Listening to the opening half of the All Ireland, in Buenos Aires, on Radio na Gaeltachta was magical; SBB poetically describing Galway dictate and dominate. The imagery and beauty of his Irish words helping us believe, so too did the call to Connemara and Daideo`s optimistic prediction- Galway by 5.By half-time, with Galway ahead by 3, history beckoned; we decided to see it for ourselves. I fiddled with the borrowed laptop, connected cables, downloaded apps and finally got images on TV.
The previous Friday, I lunched in the Brothers` residence with Br Thomas and Br Sean, Galway men with an encyclopedic knowledge of Irish sport especially hurling. Thomas has been in South America for over 40 years, ,Seán ten years longer. Both were excited and nervous about the final. Discovering that my wife`s nephew, Jack had played football for this year`s Galway U21s. Br.Sean recounted the final against Roscommon and Jack`s game at full-back. Comprehensive communication is instant now but years ago the Brothers would have to tune in with short-wave radios and hope the BBC World Service mentioned the All-Ireland result as a final sports item. If not, they would have to wait a week for the result. They would never dream then of making a telephone call.

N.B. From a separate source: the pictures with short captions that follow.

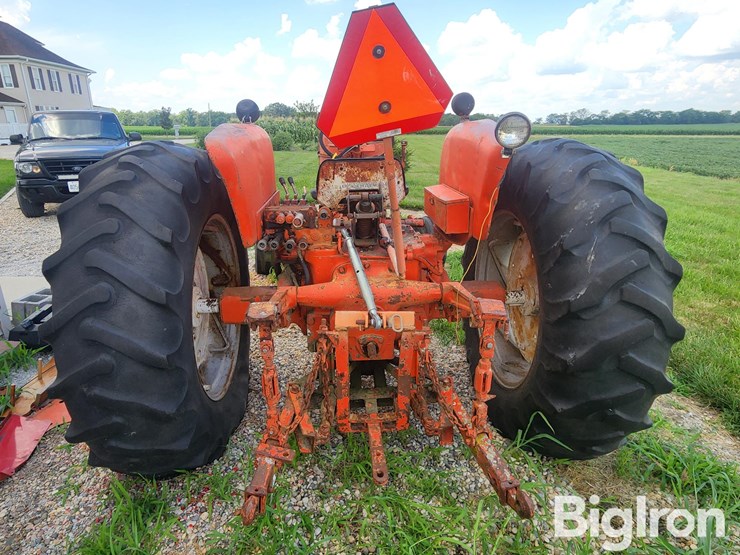 1965-allis-chalmers-d19-image-6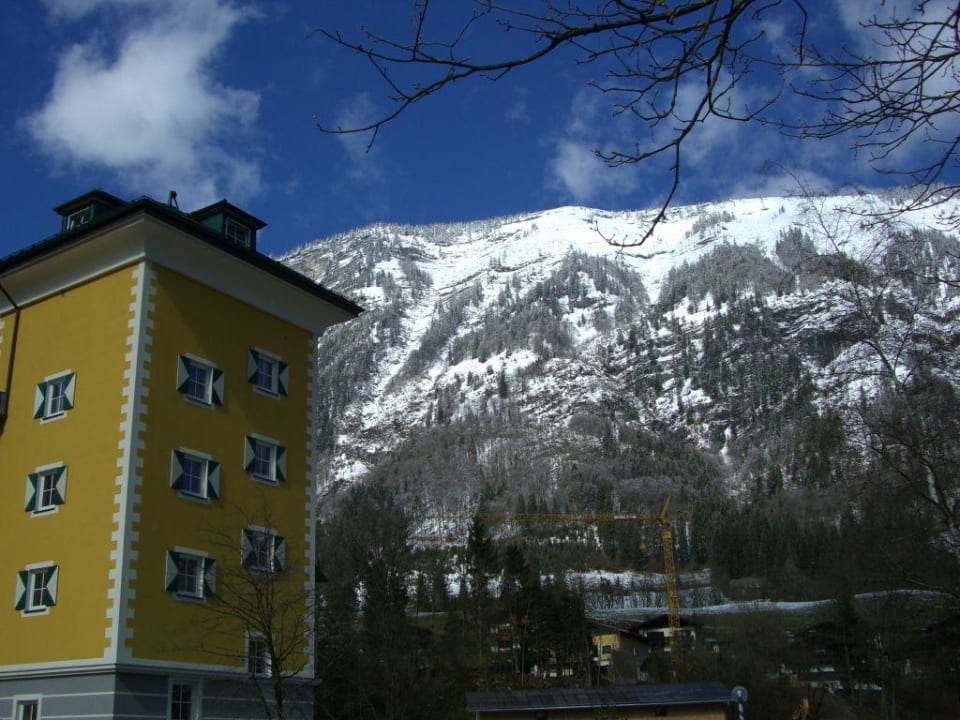 Neubau mit Blick nach Westen POST Family Resort
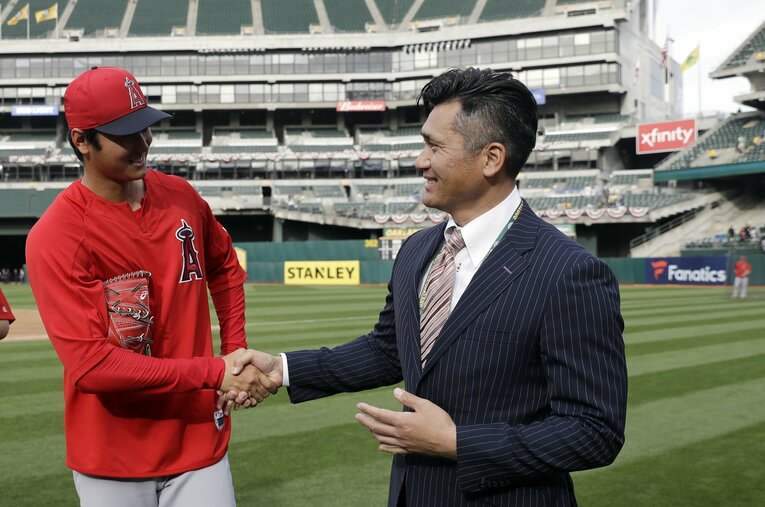 2018年、日本ハムコーチ時代の教え子、エンゼルス・大谷翔平投手を訪ねた黒木氏　(C)AP/AFLO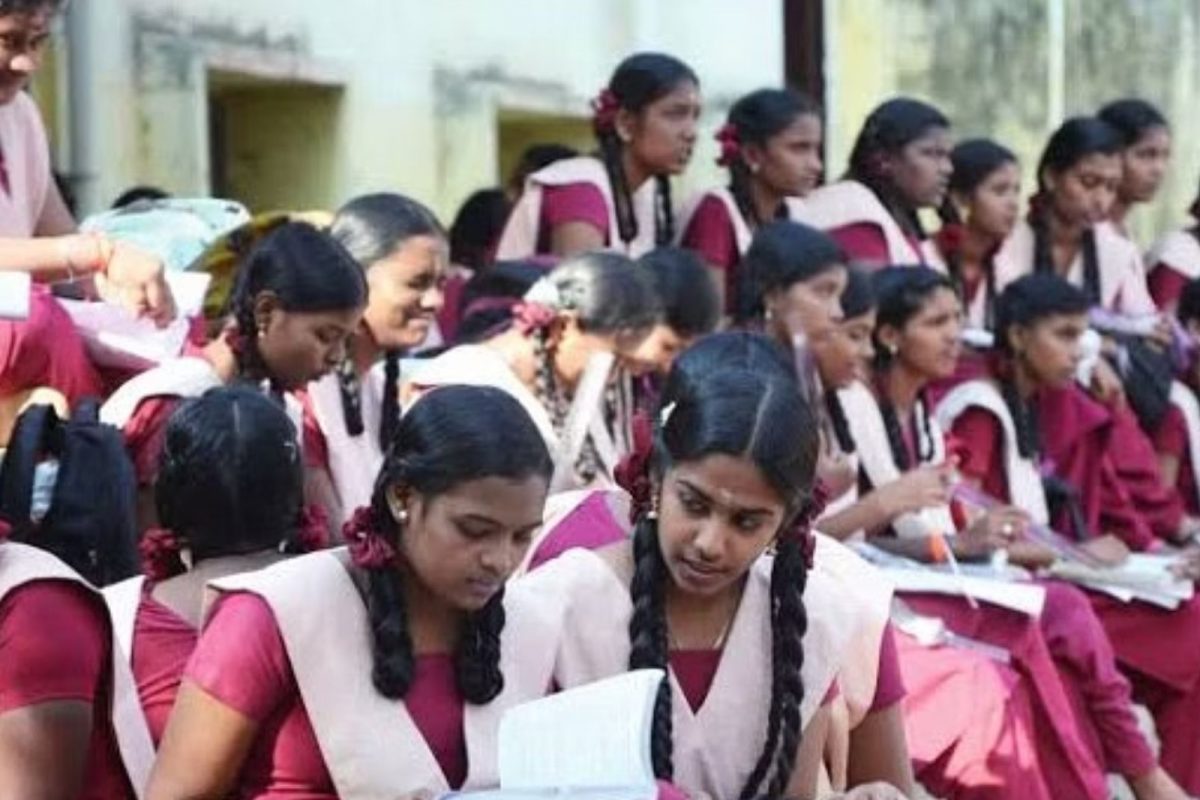 12 ம் வகுப்பு மாணவர்கள் விருப்பப்பாடத்தை பதிவு செய்ய உத்தரவு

How times have changed!
We had invited Thomas to watch the semi-final against Tipp with us but he was too nervous to watch, preferring to pray in church and catch snippets in city centre cafes. We too listened to the semi-final at a café on Peña, outside at a street table breakfasting in glorious sunshine. The mobile phone, onthe table next to the pastries and coffee, broadcasting wonderful words, commentary that licensed our dreams and memories. Galway won a thriller that day but today`s images on the television brought us back to reality. Kilkenny smothered Galway in the second half. Blurry figures moved like Darragh`s PlayStation players as the screen buffered and rebooted. TV images lagged the radio commentary so we abandoned words. Galway lost and it was my fault apparently. Darragh was upset. `You should have left the radio on, everything changed when you turned on the telly. You brought us bad luck!’